Trenton was an industrial center of international importance. The Roebling Steel works was in full swing, spinning the wire rope used to construct most of the major suspension bridges erected in the US, including the Golden Gate and George Washington Bridges. Trenton was also the principal centre of the pottery and ceramic industry in the United States, turning out products ranging from ceramic insulators, to bathroom fixtures, to fine china.
Waves of immigrants settled in Trenton, and in the Mill Hill. By the 1920 census, 52% of the city’s population were foreign born or were born in the US to foreign-born parents. Approximately 12,000 (10%) were Jewish, and and many had settled in Mill Hill. It remained a significant Jewish neighborhood until well into the 1940s, when many Jews began moving out to the western wards.

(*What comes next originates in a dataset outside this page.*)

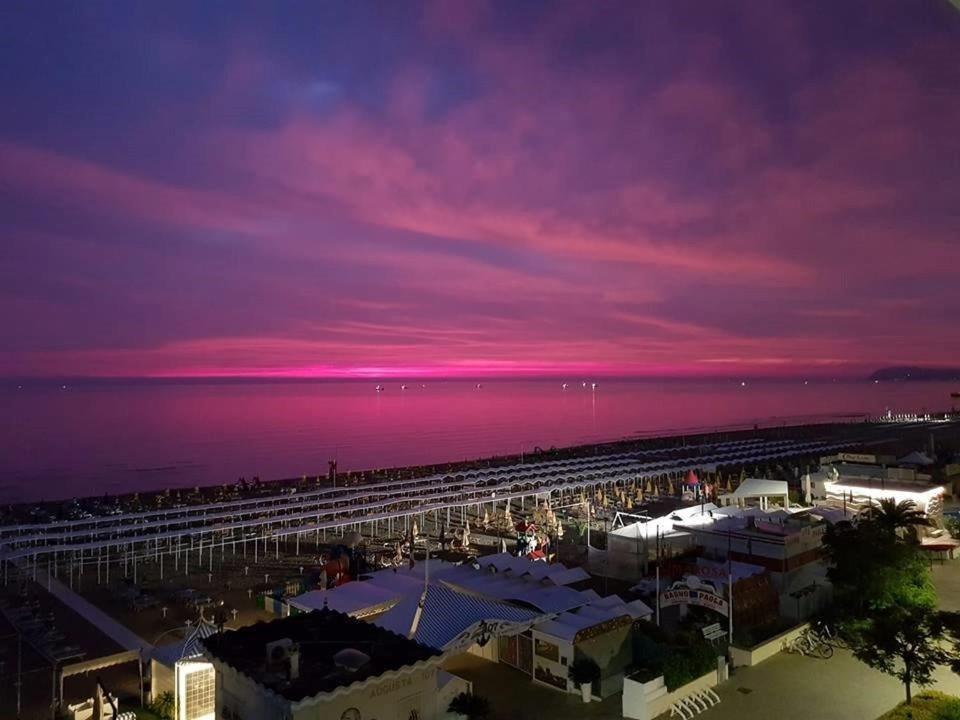 Hotel Margareth Riccione Dış mekan fotoğraf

The Labor Lyceum building on Mercer Street was built by the “Arbeiter Ring”, a Jewish fraternal organization that was active in the labor movement, built in 1916. Their “AR” logo is still preserved in the marquee above the entrance and in the facade.
Broad Street was a fashionable shopping strip for Mercer County, with exclusive mens and women’s clothing stores.
After the 1920s, and throughout the great depression, many Trenton manufacturing plants were purchased by out of town owners, as part of a national trend towards consolidation. This began the economic decline of Trenton, which was slowed by WWII and the post-war boom economies. Roebling Steel was one of the last of the great Trenton enterprises to be sold, in 1953, to the Colorado Fuel and Iron Co.
Slowly but surely in the post-WWII economy, American manufacturing in the NE US declined. New investment went out of town, often to low wage, non-unionized states; and most manufacturing ultimately moved overseas. With national policies that favored the development of suburbs over center-cities, Trenton’s role as the social and retail center of the area also declined. Nationally, the “shopping mall” replaced “main street” as the predominant setting for retailing and entertainment, and Trenton suffered along with virtually every other center city in the NE US.